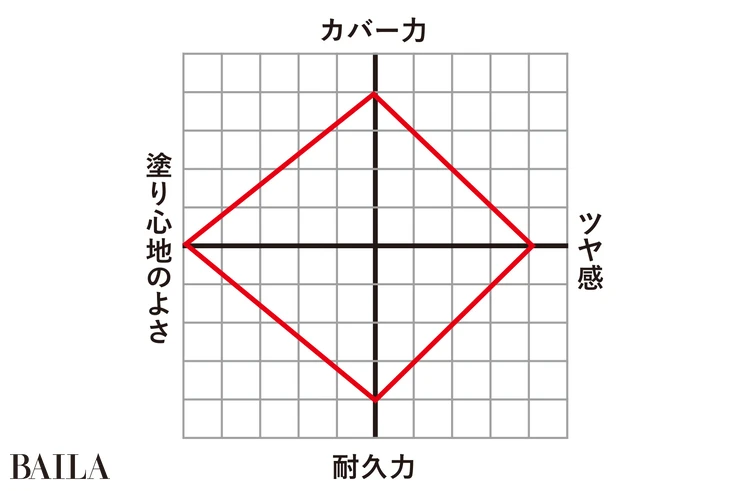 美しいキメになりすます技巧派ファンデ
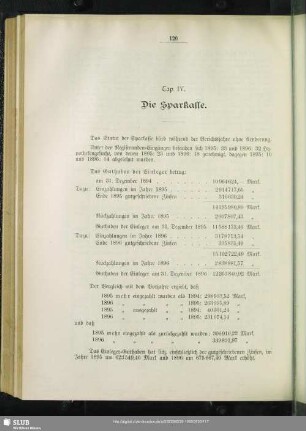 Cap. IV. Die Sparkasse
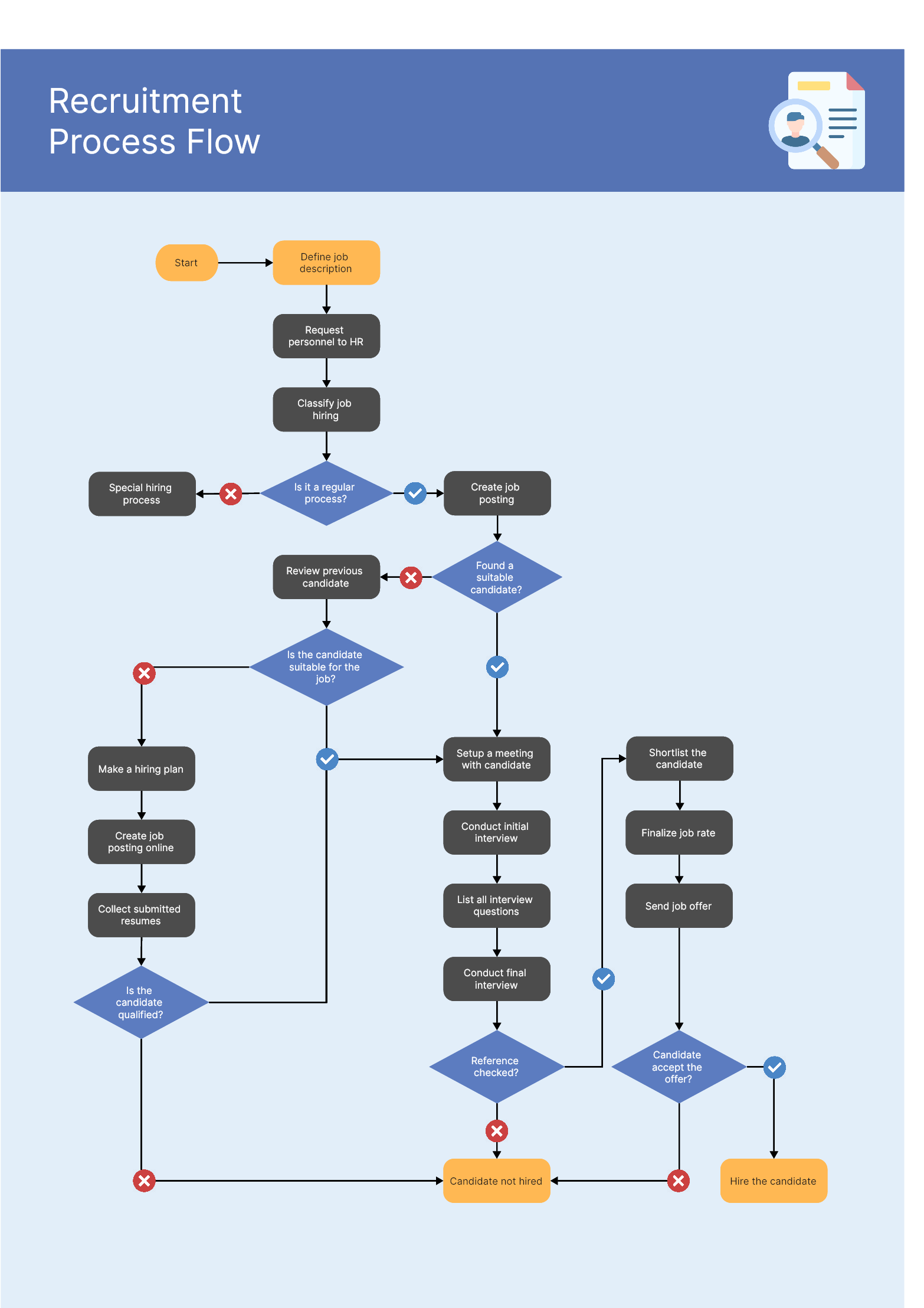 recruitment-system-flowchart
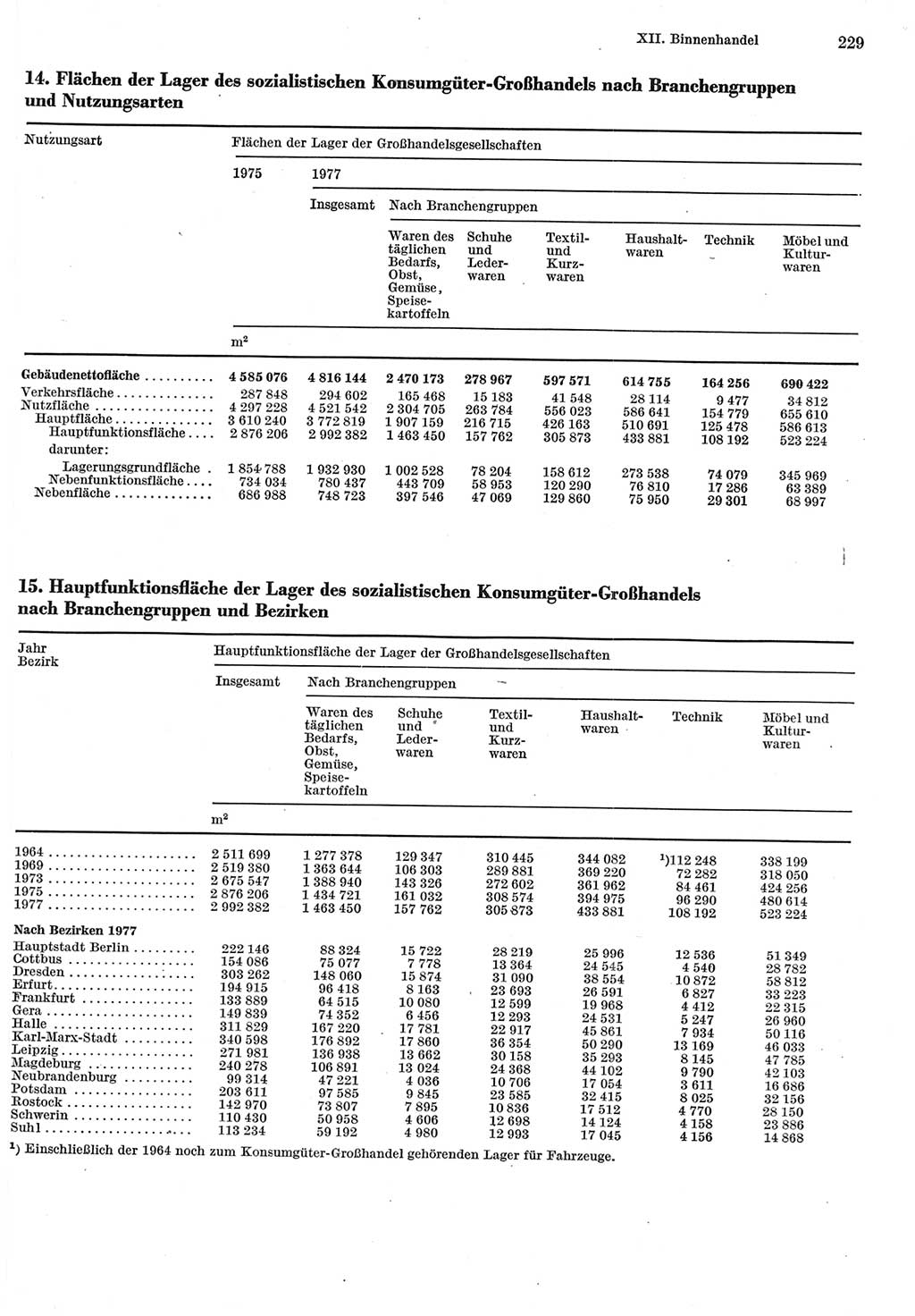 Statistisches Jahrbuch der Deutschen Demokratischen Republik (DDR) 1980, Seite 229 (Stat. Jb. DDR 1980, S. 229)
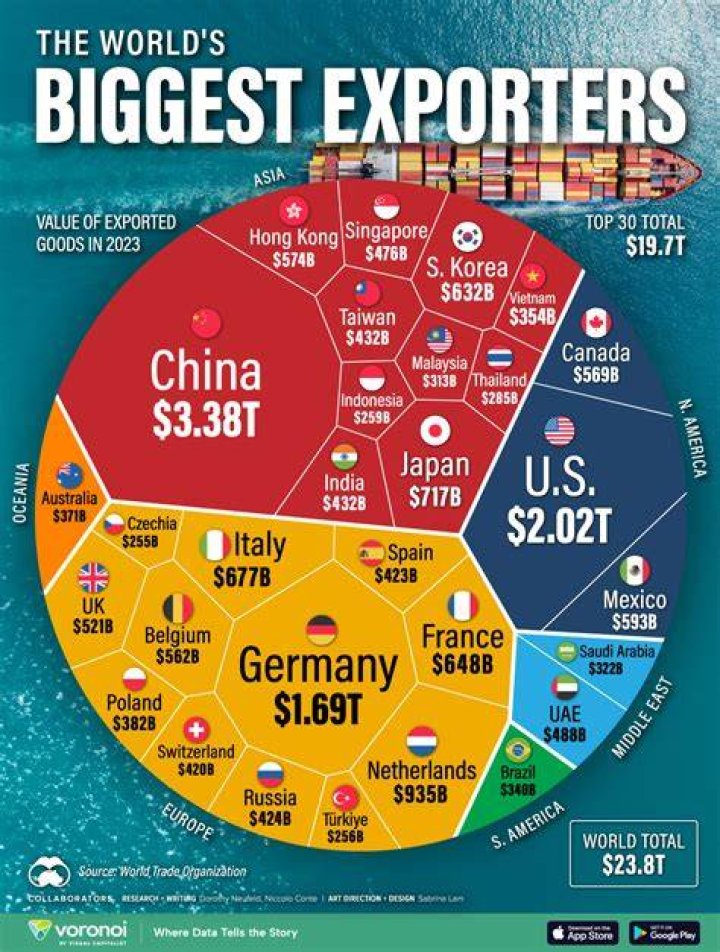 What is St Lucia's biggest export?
◇ ◇ ◇ ◇ ◇ ◇ ◇
What needs to be done: Exactly as they appear above, write out all the entries, but not the images.

Result:
 美しいキメになりすます技巧派ファンデ
 Cap. IV. Die Sparkasse
 recruitment-system-flowchart
 Statistisches Jahrbuch der Deutschen Demokratischen Republik (DDR) 1980, Seite 229 (Stat. Jb. DDR 1980, S. 229)
 What is St Lucia's biggest export?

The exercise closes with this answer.